Reputation: 584
I have an m1.large Neo4j Server instance on Amazon EC2 which I setup according to the instructions here: http://www.neo4j.org/develop/ec2
I did not vary from that setup in any way.
It has been working mostly flawlessly for several weeks, with the occasional restart. However, I was unable to connect to it from my web app this morning (3/13/2013).
Restart via the Neo4j Server instance from the EC2 management console. After it rebooted my web app seemed to be able to make the initial connection (via Neoid & Neography) so my web app would at least boot.
However all transactions were then failing. I tried accessing the admin console for Neo4j on port 7474 at webadmin/, and this is the error I see, in particular:
javax.transaction.SystemException: TM has encountered some problem, please perform neccesary action (tx recovery/restart)
Restarting is not the solution.
Full error trace for Attempt #1 when accessing web panel: GIST #1.
I found a thread that referenced a seemingly related problem, which indicated that starting neo4j in console mode will allow for a full recovery without timing out, so I tried it, with SEVERE
results, shedding more light on my problem:
It looks like this is the root cause:
Caused by: java.io.IOException: Unknown xid for identifier 8964
Full error trace for Attempt #2 running sudo /var/lib/neo4j/bin/neo4j console
: GIST #2
This is pre-production data, so I have the luxury of drastic measures. I deleted the database and started over.
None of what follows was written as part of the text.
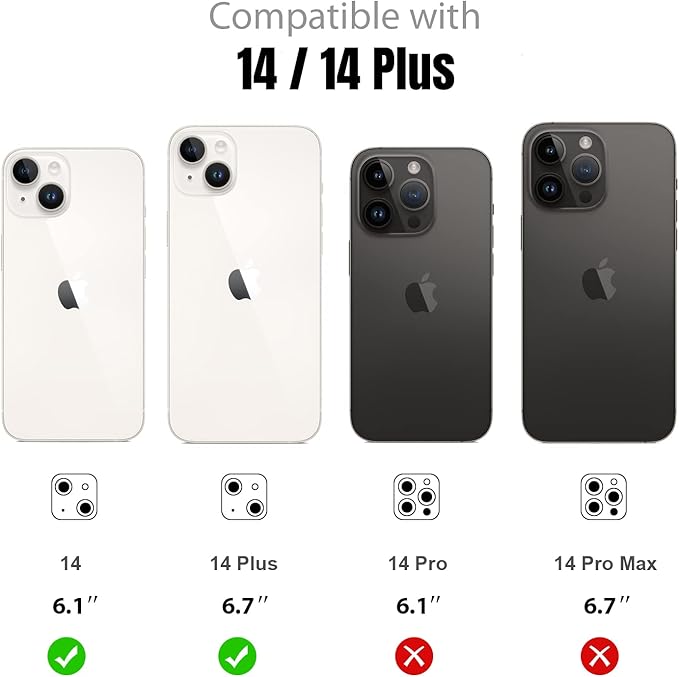 Jeluse 2X2 Pack Camera Lens Protector for iphone 14 Plus for iphone 14, 9H Tempered Glass Screen Protector Cover [Alignment Kit Eazy installation] Metal Individual Ring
sudo rm -rf /var/lib/neo4j/data/graph.db/
sudo sudo /var/lib/neo4j/bin/neo4j start
I was able to create about 50k rels & 50k nodes, and then the errors came back after, at most, a few hours.
I stopped the Neo4j server, and loaded it as console - to do recovery.
Full trace of Attempt #4 recovery: running sudo /var/lib/neo4j/bin/neo4j console
: GIST #3
Recovery worked so I restarted server as daemon.
Full trace of Attempt #4 starting daemon: running sudo /var/lib/neo4j/bin/neo4j start
: GIST #4
It worked for a few minutes. And then back to this error again:
TM has encountered some problem, please perform neccesary action (tx recovery/restart)
Full trace of new error as seen from Neography's attempt to execute a script: GIST #5
I now think that despite having used the vanilla Neo4j installed as part of following this guide for an m1.large server, there are some problems with this configuration. When I start the server in console mode these are the bothersome things I see:
INFO ... Could NOT find resource [logback.groovy]
INFO ... Could NOT find resource [logback-test.xml]
ERROR ... Could not find resource corresponding to [custom-logback.xml]
And this one
WARNING! Deprecated configuration options used. See manual for details
cannot configure writers and searchers individually since they go together
Update: I have filed a separate issue for these default configuration problems.
Upvotes: 1
Views: 707
Reputation: 584
The problem was the root device running out of space.
I have resolved my problems so here is a full history and explanation of the fix: http://github.com/neo4j-contrib/neo4j-puppet/issues/3
Upvotes: 1